Dopo La pelle che abito (2011), tratto da Tarantola di Thierry Jonquet, il regista spagnolo torna a una matrice letteraria; Julieta prende vita da tre racconti di In Fuga, una raccolta di Alice Munro. Almodovar sposta l’azione dal Canada alla Spagna, dove riesce a muoversi con più dimestichezza, e crea un unico racconto, coerente e fluido, costruendolo come un mosaico di ricordi. Proprio come Julieta che ricompone, pezzo per pezzo, una vecchia foto strappata che la ritrae con Antía, conservata in una busta blu come un tesoro prezioso ma maledetto. Da buttare? Da conservare gelosamente?Quella di Almodovar è la filmografia di un autore, e come noto gli autori sono soliti (ri)fare sempre lo stesso film, in questo sta parte della loro genialità (laddove ve ne è).
La genialità di Pedro sta nella formula sulla quale ha basato tutto il suo cinema; un triangolo fondato sul rigore del melodramma e del noir hollywoodiano anni ’50 e ’60 (Douglas Sirk, Hitchcock, Wyler), l’estetica mediterranea e la cultura queer. Al centro, protagoniste, le donne: muse, icone, dive, madri, figlie, vittime e carnefici. I meccanismi e le lolgiche della passione come collante. Tutto su mia madre, Tacchi a spillo e Donne sull’orlo sulla crisi di nervi alcuni tra gli esiti più famosi e fortunati di questa ricetta.
Anche in Julieta ritroviamo tutti gli ingredienti del ricettario.
Il rosso vermiglio c’è, il blu cobalto anche. Ritroviamo le carte da parati anni 70 e, con grande gioia, Rossy de Palma – in un personaggio che sembra una citazione diretta (o un omaggio) all’arcigna Mrs. Danvers di Rebecca la prima moglie. Torna Madrid e torna il mare, inteso come elemento da attraversare, come luogo epico del viaggio, una via di passaggio – πόντος. Un mare in cui perdersi, monito dell’ignoto che incalza e custode del dolore.Questo Almodovar, in netta ripresa rispetto a Gli amanti passeggeri (disastroso), sembra voler riprendere le redini della propria poetica continuando la strada intrapresa con Volver e Gli abbracci spezzati: la via della memoria, in un declivio che si colloca in bilico tra la nostalgia e l’indulgenza del ricordo. Ritroviamo un autore che ha perso l’energia dirompente che dagli esordi ha caratterizzato tutta la sua produzione: viene meno il carattere barocco -sia nella messa in scena che nella scrittura- ma non il rigore della narrazione, una sintesi formale tutta a favore di una nuova delicatezza.
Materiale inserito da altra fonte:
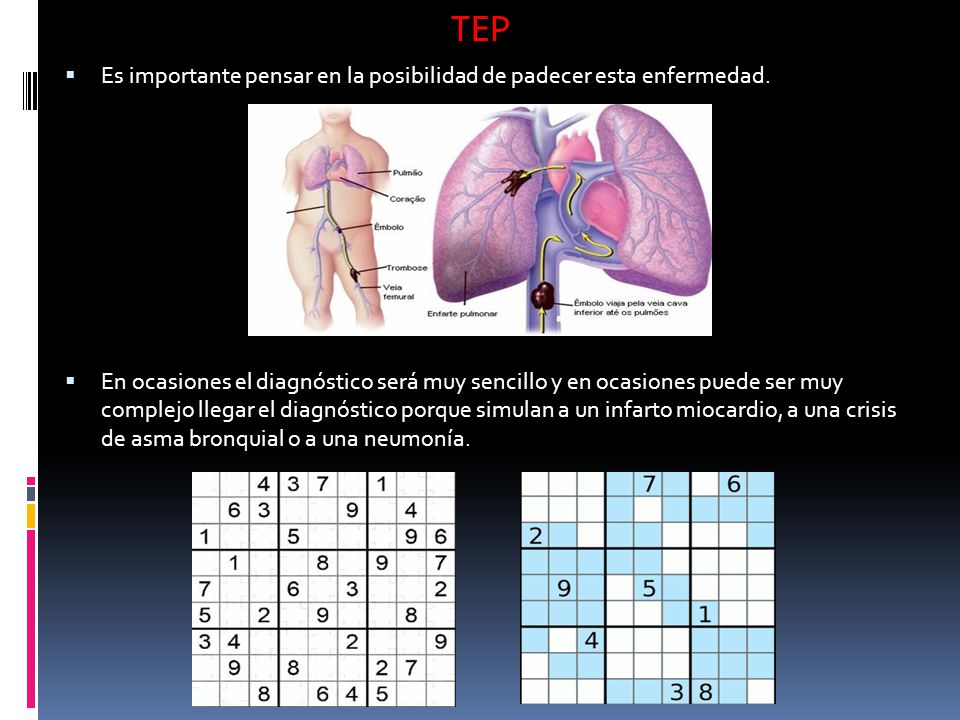 TEP Es importante pensar en la posibilidad de padecer esta enfermedad.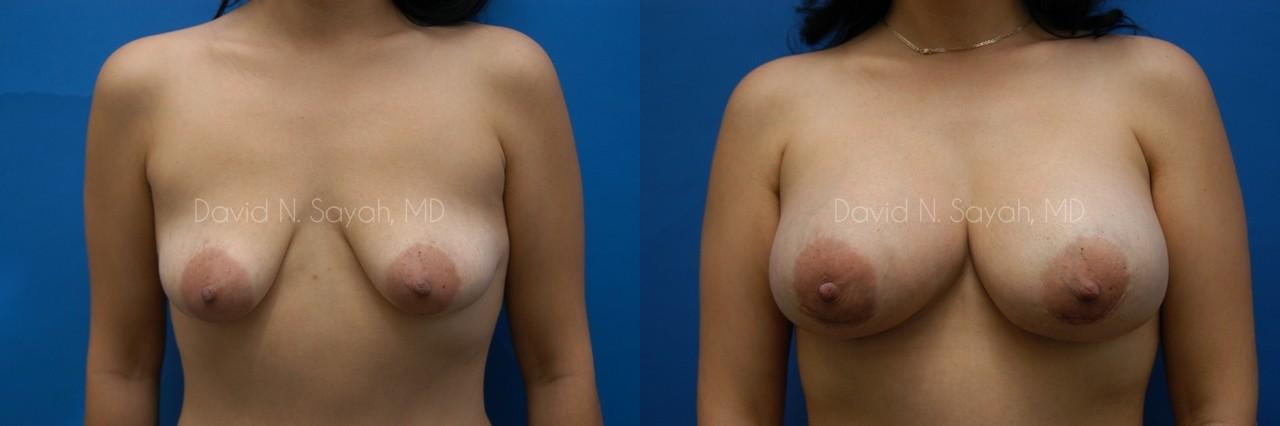 Breast Augmentation And Mastopexy Before and After | Sayah Institute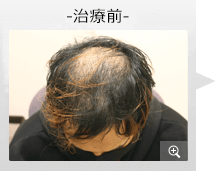 20代男性 AGA内服薬治療 治療前（症例写真）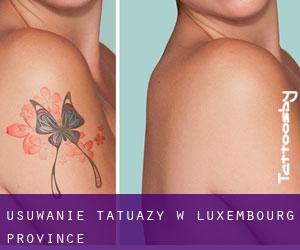 Usuwanie tatuaży w Luxembourg Province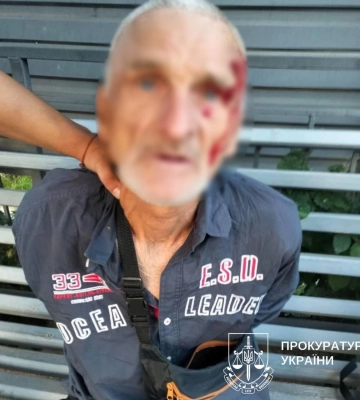 У Києві пограбували 44-річну військову в кав'ярні: вихопили сумку з речами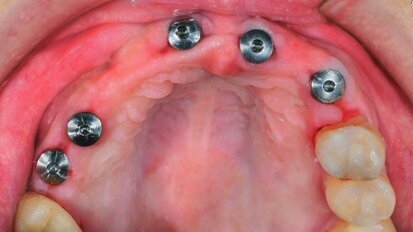 Predictable longevity of dental implants: high-quality evidence support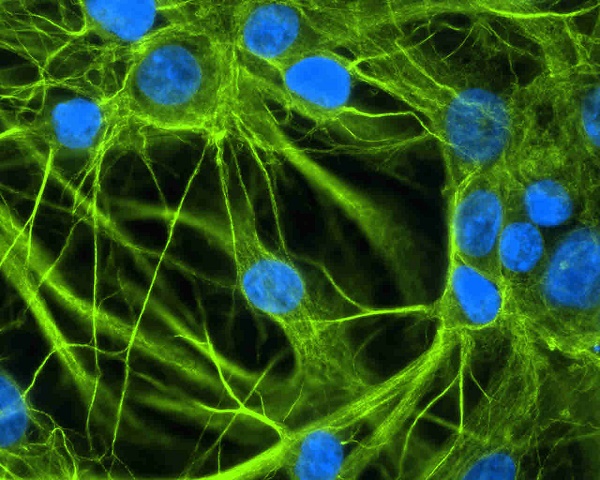 Brain astrocyte cells Brain astrocyte cells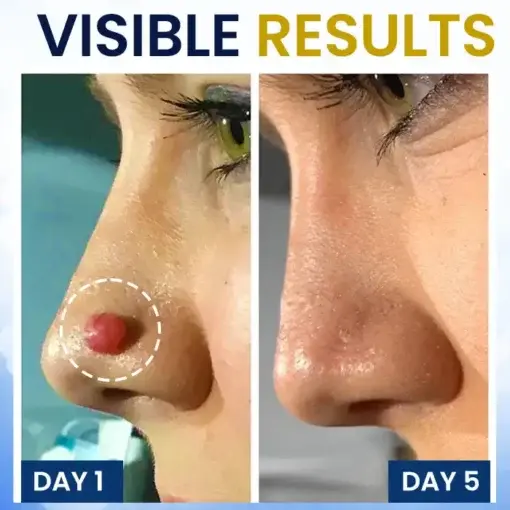 Skin Tag Cryo Treatment Spray Precision Cryo-Tech Freezes Away Skin Tags Warts in Seconds No Blades, No Pain - Image 3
Julieta è un film fatto di mancanze che si rincorrono, in una mosaico di ricordi. Spazi vuoti che si completano nella contemplazione della perdita, che si essa di un amore, di una speranza, di un’occasione o di una figlia perduta. Il tempo e i sentimenti si inabissano per poi riemergere, impossibili da fermare, come una marea. È un film fatto di cesure da risanare in cui incombe, come un’ombra scura, il peso del tempo che passa.A sottolineare le ombre cupe e la suspense del drama ritroviamo le musiche composte dal fedele Alberto Iglesias che riportano alla memoria -forse in maniera un po’ fuorviante- il filone damsel in distress (Angoscia di George Cukor, Donne e veleni di Douglas Sirk, Il terrore corre sul filo con Barbara Stanwyck, ma anche Psycho di Hitchcock).
Pedro Almodovar con Julieta si conferma quindi un autore di razza, che invecchiando è diventato forse più meditabondo, ma non per questo meno affascinante, non stupisce più ma regala ancora quell’incertezza necessaria per turbarci.